Ci hanno riferito che dall’elettroencefalogramma risultavano in atto crisi a grappolo (poi smentite) per le quali gli hanno quadruplicato le dosi degli antiepilettici e lo hanno sedato e contenuto h24 sulla lettiga.
Con mio figlio abbiamo chiesto di firmare per portarlo a casa (poche ore dopo la crisi epilettica il paziente torna come prima, solo un po’ stordito) ma ce lo hanno impedito sia per la forte sedazione sia per l’ingestibilità delle presunte crisi a grappolo.

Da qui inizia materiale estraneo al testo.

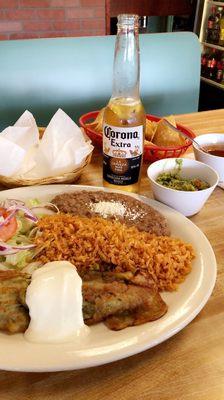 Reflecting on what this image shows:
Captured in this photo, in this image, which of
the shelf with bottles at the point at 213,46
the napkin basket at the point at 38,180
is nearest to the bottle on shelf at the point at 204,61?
the shelf with bottles at the point at 213,46

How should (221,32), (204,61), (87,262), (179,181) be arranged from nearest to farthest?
(87,262)
(179,181)
(221,32)
(204,61)

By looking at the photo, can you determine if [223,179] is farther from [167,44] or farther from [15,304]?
[167,44]

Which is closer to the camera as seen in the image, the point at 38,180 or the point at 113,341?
the point at 113,341

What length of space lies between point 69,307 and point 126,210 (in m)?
0.37

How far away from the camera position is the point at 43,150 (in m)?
1.13

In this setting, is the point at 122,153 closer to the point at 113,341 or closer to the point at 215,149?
the point at 215,149

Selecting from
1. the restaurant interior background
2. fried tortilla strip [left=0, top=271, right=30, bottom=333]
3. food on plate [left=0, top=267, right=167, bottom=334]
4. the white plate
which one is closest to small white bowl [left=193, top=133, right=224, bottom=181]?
the white plate

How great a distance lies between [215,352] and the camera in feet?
2.11

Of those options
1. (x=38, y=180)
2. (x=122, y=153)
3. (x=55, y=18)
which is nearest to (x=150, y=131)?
(x=122, y=153)

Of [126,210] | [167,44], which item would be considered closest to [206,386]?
[126,210]

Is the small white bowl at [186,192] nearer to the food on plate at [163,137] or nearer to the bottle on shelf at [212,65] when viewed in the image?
the food on plate at [163,137]

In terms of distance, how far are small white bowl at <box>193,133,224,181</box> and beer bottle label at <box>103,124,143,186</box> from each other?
0.75ft

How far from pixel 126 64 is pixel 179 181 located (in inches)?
13.9

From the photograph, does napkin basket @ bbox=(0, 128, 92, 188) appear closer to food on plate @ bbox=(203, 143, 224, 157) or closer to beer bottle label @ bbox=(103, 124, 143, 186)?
beer bottle label @ bbox=(103, 124, 143, 186) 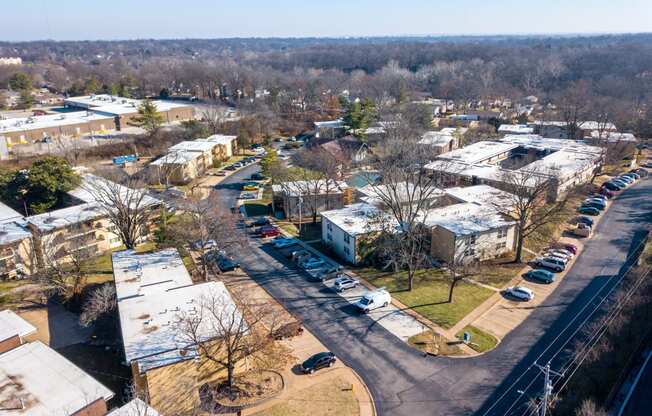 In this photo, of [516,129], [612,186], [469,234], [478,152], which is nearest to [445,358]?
[469,234]

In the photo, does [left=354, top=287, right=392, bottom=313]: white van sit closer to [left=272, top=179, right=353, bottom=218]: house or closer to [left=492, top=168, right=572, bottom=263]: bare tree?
[left=492, top=168, right=572, bottom=263]: bare tree

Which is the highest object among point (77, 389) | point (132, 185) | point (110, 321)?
point (132, 185)

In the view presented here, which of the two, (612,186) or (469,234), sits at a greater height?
(469,234)

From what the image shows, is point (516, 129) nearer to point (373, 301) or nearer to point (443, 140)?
point (443, 140)

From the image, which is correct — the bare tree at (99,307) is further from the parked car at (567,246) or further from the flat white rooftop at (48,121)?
the flat white rooftop at (48,121)

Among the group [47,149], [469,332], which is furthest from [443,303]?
[47,149]

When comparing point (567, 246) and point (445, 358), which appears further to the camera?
point (567, 246)

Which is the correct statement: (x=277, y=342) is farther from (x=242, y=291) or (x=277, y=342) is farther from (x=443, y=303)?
(x=443, y=303)

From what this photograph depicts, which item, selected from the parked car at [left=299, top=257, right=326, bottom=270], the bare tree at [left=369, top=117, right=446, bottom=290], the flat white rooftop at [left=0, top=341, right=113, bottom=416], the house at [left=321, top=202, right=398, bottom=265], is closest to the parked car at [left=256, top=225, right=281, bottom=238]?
the house at [left=321, top=202, right=398, bottom=265]
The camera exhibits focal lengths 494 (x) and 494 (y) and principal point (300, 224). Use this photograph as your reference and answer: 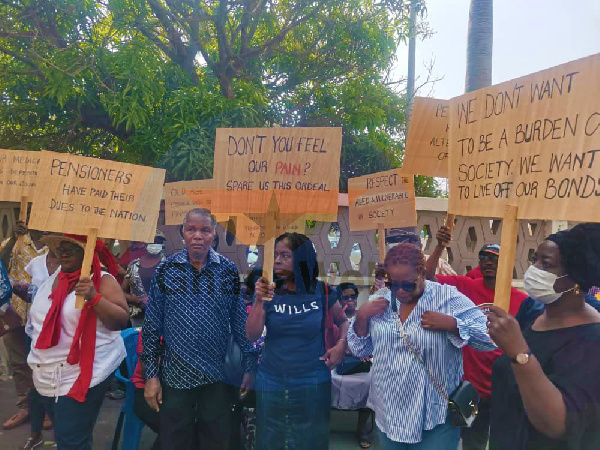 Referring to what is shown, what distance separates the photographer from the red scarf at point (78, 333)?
2797mm

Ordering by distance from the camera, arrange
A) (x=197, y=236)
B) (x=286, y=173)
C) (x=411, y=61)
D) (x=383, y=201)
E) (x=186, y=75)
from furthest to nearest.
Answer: (x=411, y=61) < (x=186, y=75) < (x=383, y=201) < (x=286, y=173) < (x=197, y=236)

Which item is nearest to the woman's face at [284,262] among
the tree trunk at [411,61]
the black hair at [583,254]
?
the black hair at [583,254]

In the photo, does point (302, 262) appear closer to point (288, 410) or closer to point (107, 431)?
point (288, 410)

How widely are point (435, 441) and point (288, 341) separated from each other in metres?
1.01

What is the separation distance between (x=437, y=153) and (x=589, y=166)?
1.87m

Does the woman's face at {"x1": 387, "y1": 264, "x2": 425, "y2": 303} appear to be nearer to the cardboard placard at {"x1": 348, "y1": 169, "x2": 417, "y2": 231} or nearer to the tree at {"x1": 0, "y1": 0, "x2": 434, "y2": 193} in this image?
the cardboard placard at {"x1": 348, "y1": 169, "x2": 417, "y2": 231}

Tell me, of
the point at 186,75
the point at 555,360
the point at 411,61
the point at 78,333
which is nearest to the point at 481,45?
the point at 186,75

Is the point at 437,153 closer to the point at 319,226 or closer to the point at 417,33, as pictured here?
the point at 319,226

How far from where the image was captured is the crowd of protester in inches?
75.7

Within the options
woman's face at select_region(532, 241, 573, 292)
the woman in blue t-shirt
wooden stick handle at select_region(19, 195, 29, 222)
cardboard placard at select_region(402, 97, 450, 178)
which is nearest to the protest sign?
cardboard placard at select_region(402, 97, 450, 178)

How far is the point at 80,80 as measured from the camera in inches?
295

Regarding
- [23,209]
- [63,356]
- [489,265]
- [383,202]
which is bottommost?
[63,356]

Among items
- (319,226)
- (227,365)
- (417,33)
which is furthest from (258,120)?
(227,365)

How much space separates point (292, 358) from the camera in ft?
9.76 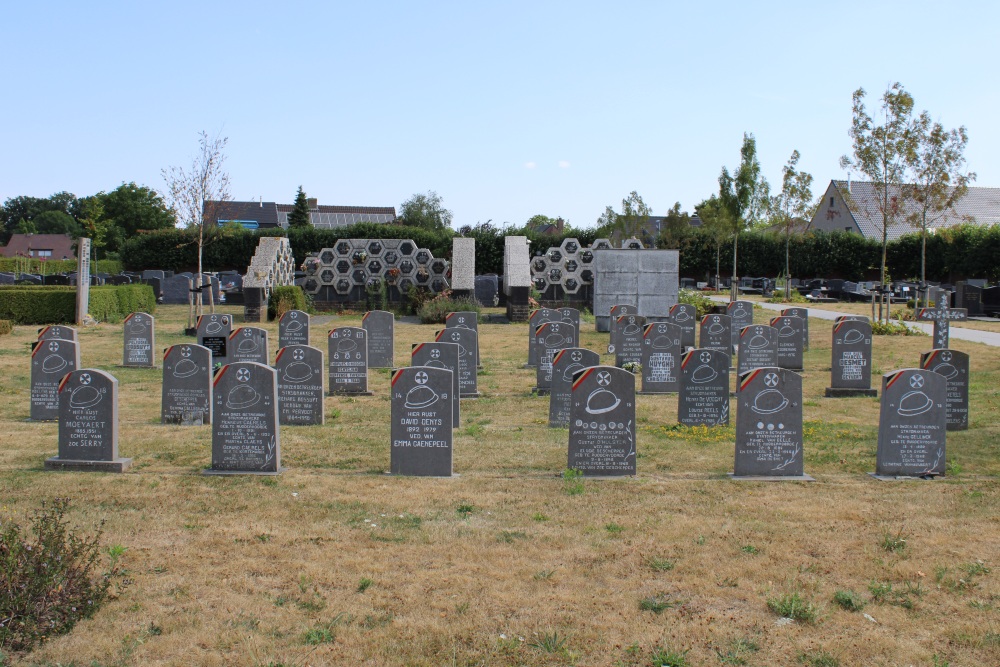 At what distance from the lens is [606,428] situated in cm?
767

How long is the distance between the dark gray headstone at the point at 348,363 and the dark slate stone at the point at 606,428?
5.51 metres

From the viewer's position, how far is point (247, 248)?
41125 mm

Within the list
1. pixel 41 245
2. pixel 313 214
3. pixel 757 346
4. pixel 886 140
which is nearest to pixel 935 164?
pixel 886 140

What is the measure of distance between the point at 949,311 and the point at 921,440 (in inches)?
239

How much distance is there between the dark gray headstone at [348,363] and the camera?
12.5 metres

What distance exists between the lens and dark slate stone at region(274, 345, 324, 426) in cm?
998

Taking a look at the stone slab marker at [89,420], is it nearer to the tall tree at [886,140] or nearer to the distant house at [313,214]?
the tall tree at [886,140]

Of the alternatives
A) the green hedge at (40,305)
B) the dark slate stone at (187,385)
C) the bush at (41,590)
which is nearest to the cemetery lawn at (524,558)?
the bush at (41,590)

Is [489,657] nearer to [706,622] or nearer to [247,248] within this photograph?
[706,622]

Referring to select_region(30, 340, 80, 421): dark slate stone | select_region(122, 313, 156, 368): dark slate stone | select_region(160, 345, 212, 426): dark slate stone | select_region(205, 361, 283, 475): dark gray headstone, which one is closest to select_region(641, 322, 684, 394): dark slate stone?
select_region(160, 345, 212, 426): dark slate stone

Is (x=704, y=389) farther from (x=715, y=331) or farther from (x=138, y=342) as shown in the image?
(x=138, y=342)

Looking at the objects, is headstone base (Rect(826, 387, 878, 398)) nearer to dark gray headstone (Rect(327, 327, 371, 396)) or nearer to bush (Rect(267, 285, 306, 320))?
dark gray headstone (Rect(327, 327, 371, 396))

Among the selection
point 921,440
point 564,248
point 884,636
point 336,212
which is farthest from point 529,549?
point 336,212

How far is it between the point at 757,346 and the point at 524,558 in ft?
29.1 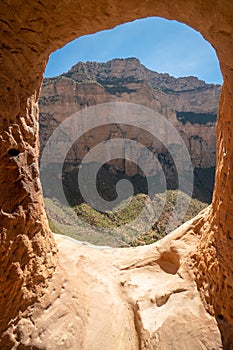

Dopo 3 giorni trascorsi al Pronto soccorso lo hanno trasferito nel reparto di Breve Osservazione dove gli hanno riservato lo stesso trattamento (contenimento H24 e dosi di seroquel + 2000 di keppra + 2000 di donepezil).
Questo fino al 6 giugno, giorno in cui è stato trasferito al reparto di Medicina.
Arrivato al reparto ci hanno comunicato che aveva contratto la polmonite (presumibilmente ab ingestis) e che la condizione era a rischio vita.
In questo periodo, in cui ha contratto anche la klebsiella, ci hanno sconsigliato di portarlo a casa ma di trasferirlo in hospice e, dopo il mio rifiuto, hanno fatto richiesta per trasferirlo in RSA post acuzie.
L’11 luglio scorso doveva essere trasferito al policlinico Italia ma il giorno prima è subentrata la febbre causata da un’infezione di candida nel sangue e, dulcis in fundo, ha contratto anche il Clostridium.
Ad oggi mio marito è ancora ricoverato nel reparto di medicina che peraltro è diventato per metà Covid. Non è più in grado di coordinare gli arti, non riesce più a parlare e al letto non riesce a girarsi neanche sul fianco. Alimentato esclusivamente con flebo in vena praticamente da due mesi.
Il medico di famiglia non si spiega come sia stato possibile creare un danno neurologico irreversibile di questa entità.
La primaria del reparto ha testualmente affermato che lo shock che ha subìto ha fatto progredire l’Alzheimer di almeno 5 anni. Shock provocato dai giorni di contenzione e dal bombardamento di farmaci in quantità praticamente da sperimentazione con l’obiettivo di “bilanciare il dosaggio”.
Noi, fin da subito, abbiamo chiesto un trasferimento in altra struttura ma ci è stato detto che non è possibile, in alternativa vorremmo provare a gestirlo a casa ma tutti lo sconsigliano per la gravità.
Ho cercato di essere il più concisa possibile ma quello che stiamo vivendo io e mio figlio è doloroso e incomprensibile.
Si può diventare un vegetale, o morire, per una crisi epilettica?
(Lettera firmata)
LA RISPOSTA DELL’ASL ROMA 1
Ci teniamo ad esprimere la solidarietà e la vicinanza della Azienda e in particolare dell’équipe alla famiglia, che naturalmente invitiamo a contattarci per ogni elemento utile a chiarire la situazione complessa di un paziente così fragile.
Ci preme sottolineare che tutti i bisogni assistenziali sono stati comunicati quotidianamente alla famiglia stessa e sono stati presi contatti anche con il medico curante ed il geriatra curante, proprio per condividere con i medici di fiducia il nostro operato. Restiamo a disposizione.